La majorité des scripts sont marqués par des pratiques affectives relevant de l’ambivalence, contribuant à pathologiser les sexualités et les identités qui y sont associées, notamment celle renvoyant à la figure de la butch brisée à la promiscuité morbide, et à celle de la bisexuelle perverse. D’un point de vue butlérien, la butch et la bisexuelle sont construites comme des sujets abjects, en ce sens qu’ils symbolisent l’échec à la norme hétérosexiste[55] : Shane et Alice incarnent le refus d’un désir fixe et binaire, tant dans le plaisir à désirer plusieurs genres, que dans le plaisir du multipartenariat. La question de l’ambivalence se pose également dans le script de viol conjugal. En effet, le traitement de la scène peut donner à penser qu’il s’agit d’une dispute de couple résolue sur l’oreiller, et que la souffrance de Tina provient non pas du fait qu’elle ait été violée, mais victime d’adultère. Au contraire, l’ambivalence qui habite l’ingénue sert plutôt à rendre compte de la difficulté à venir au monde comme lesbienne, de l’intensité émotionnelle du premier amour et de la difficulté d’abandonner certains privilèges. Pour sa part, le script de sexualité lesbienne conjugale monogame porté par Bette et Tina s’inscrit dans des pratiques affectives de résolution de l’ambivalence : leur relation (malgré une séparation temporaire) est celle qui résiste et transcende les crises.
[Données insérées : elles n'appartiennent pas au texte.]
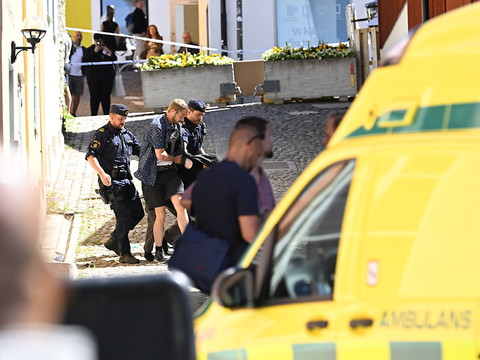 Un mort dans une attaque au couteau lors d'un événement politique
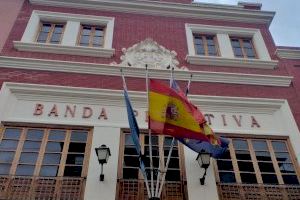 La Banda Primitiva penja el crespó negre en la bandera de la societat en reconeixement a totes les víctimes del Covid19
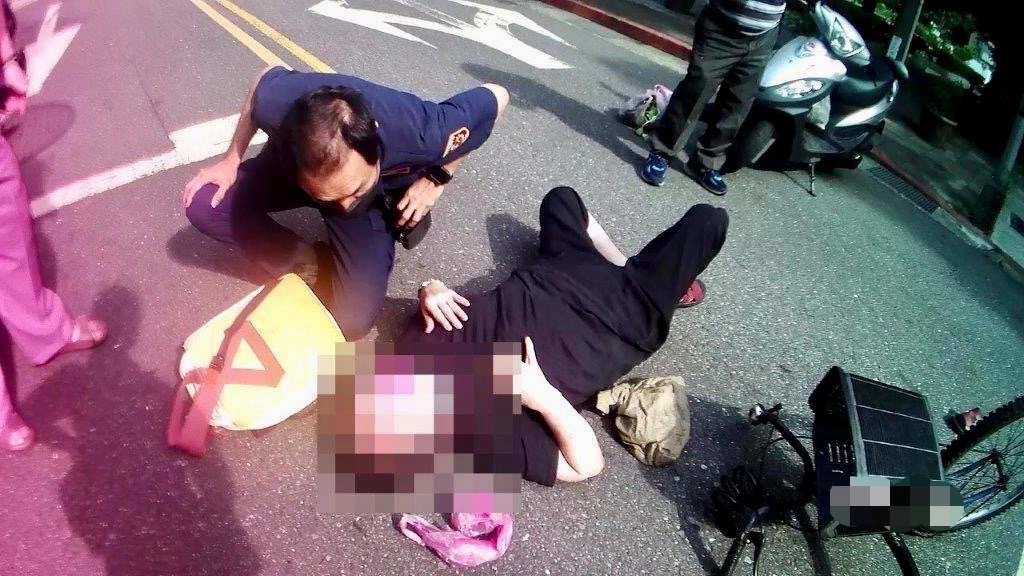 8旬老嫗車禍，保大警運用「視訊119APP」即時救援。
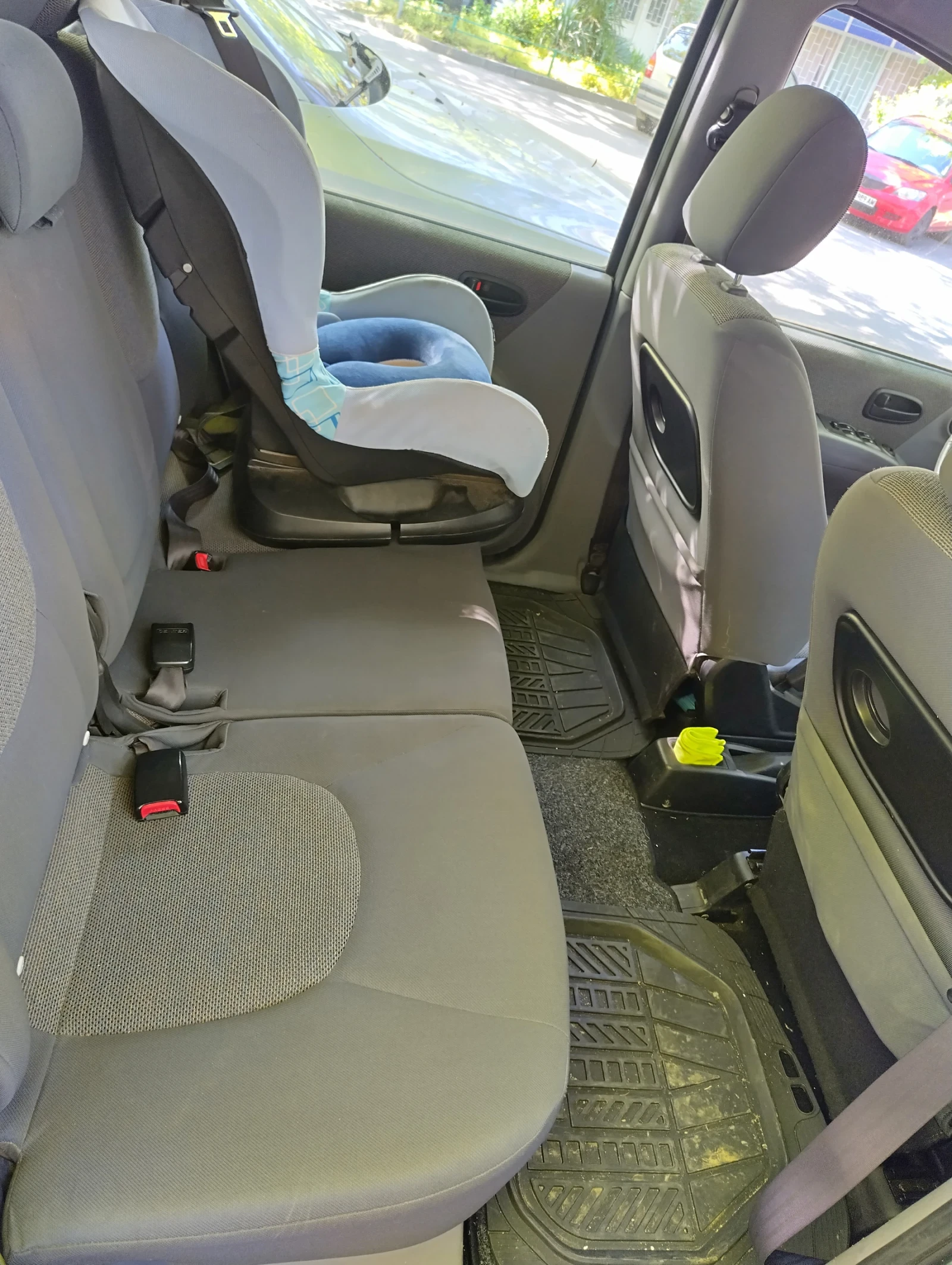 Hyundai Matrix 1.5 CRDI, снимка 8 - Автомобили и джипове - 54312814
La prise en compte des affects déployés dans les scripts sexuels lesbiens donne à voir une hiérarchisation de la « bonne » et de la « mauvaise » sexualité lesbienne. Selon Gayle Rubin[56], la sexualité est construite de manière dichotomique avec, d’un côté, la sexualité jugée bonne, normale et naturelle, caractérisée par un ensemble de comportements qui valorisent la sexualité hétérosexuelle, en couple, monogame, si possible dans le mariage, procréatrice, non commerciale, privée et « vanille[57] ». De l’autre côté, il existe une sexualité jugée mauvaise, anormale et contre-nature, caractérisée par l’homosexualité, les partenaires multiples, le sexe sans lendemain, hors mariage, dans des lieux publics réservés, avec pornographie et sadomasochisme. Rubin explique qu’entre ces deux pôles, il existe des zones de négociation, de respectabilité et d’acception sociale des frontières de la normalité sexuelle : par exemple, un couple lesbien monogame stable sera davantage toléré qu’une lesbienne pratiquant le multipartenariat et qui ne souhaite pas d’engagement conjugal. Ainsi, les « bons » scripts sexuels lesbiens (ceux qui se rapprochent du modèle hétéronormatif) sont construits comme des objets heureux (happy objects) et les « mauvais scripts » (ceux qui s’en éloignent), comme des objets malheureux et ambivalents (unhappy objects)[58].

La lesbonormativité des scripts sexuels de la série The L Word peut paraître étonnante ou même ennuyante pour les jeunes téléspectatrices habituées à des séries plus actuelles qui mettent en scène une diversité positive de scripts sexuels non normatifs. Toutefois, force est de constater que les configurations relationnelles non monogames peinent encore aujourd’hui à se tailler une légitimité dans les objets culturels destinés au grand public. La série The L Word : Generation Q – Q pour Queer (Showtime, 2019) – a tenté de faire le pas, alors qu’Alice se retrouve dans un triangle amoureux qui vient pimenter sa vie de couple, mais ce script est représenté au final comme une expérience décevante et insatisfaisante. Cela est d’autant plus étonnant alors que la non-monogamie consensuelle fait partie intégrante de certaines sous-cultures lesbiennes/queer.

D’un point de vue méthodologique, le présent article démontre que la prise en compte des affects dans l’analyse des scripts sexuels des téléséries ajoute une plus-value conceptuelle : si les scripts culturels nous renseignent sur les comportements sexuels permis et proscrits, ils nous informent également sur les émotions qui devraient accompagner la sexualité selon le type de partenaire, le contexte, l’endroit, etc. Bien que les scripts culturels ne constituent pas une injonction à s’inscrire dans un type de sexualité spécifique, ils ont tout de même un pouvoir normatif de (dé) légitimer certaines sexualités.